The Swarovski company started out in Wattens, Austria in 1895, when Daniel Swarovski invented a device for producing crystals. His invention revolutionized the crystal manufacturing industry, inspiring the world of design and fashion for many years to come.
Swarovski’s grew popular due to Daniel Swarovski’s relationships with the great designers of the 1800s, such as Charles Frederick Worth – considered as the founder of Haute Couture – who beaded Swarovski crystals on his bespoke ball gowns in Trompe L’Oeil effect, being worn by his exclusive customers, including Queen Victoria. This collaboration triggered an awareness of crystal amongst designers and celebrities.
During the 1920s, the interest in Swarovski crystals increased, in line with the jazz aesthetic of the times. Consequently, Swarovski supplied the most prominent designers such as Jeanne Lanvin, Madeleine Vionnet and Jean Patou.

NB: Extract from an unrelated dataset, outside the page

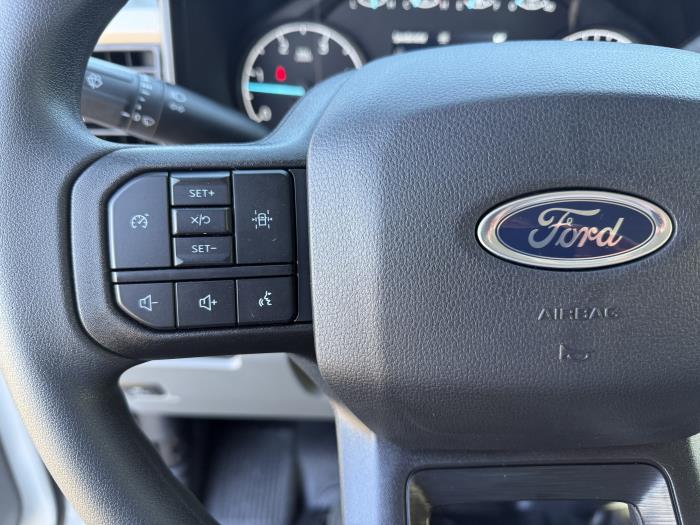 2027 Ford F-550-18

By the middle of the twentieth century, Swarovski was being used by the hands of important designers including Coco Chanel, Elsa Schiaparelli and Cristobal Balenciaga, who were defining the fashion of their era.
In 1956, Swarovski came up with the Aurora Borealis, a crystal effect named after the Northern Lights. The crystal fascinated the legendary Christian Dior, who used it in his own divine masterpieces, many of which reside in the Swarovski archive.
In 1999 the Swarovski Collective was established, after Swarovski, now ran by Nadja Swarovski who joined her grandfather’s business, supplied Alexander McQueen with crystals for his 1999 Spring/Summer collection.
Since then the Collective helped around 150 designers from major fashion capitals, providing them with millions of crystals. The Swarovski Collective involved artists like Joseph Altuzarra, Rodarte, Alexander Wang, Hussein Chalayan, Anthony Vaccarello, Christopher Kane and Viktor & Rolf.
The Swarovski Collective is now a proud sponsor for the Council of Fashion Designers of America and the ANDAM program in France that introduced some of the most prominent emerging artists. It also shows its support to fashion students around the world offering scholarships and encouraging them to experiment with crystals.
Swarovski with its rich history, heritage and continuous support for the emerging artists has ensured its position as one of the most essential exclusive design ingredients.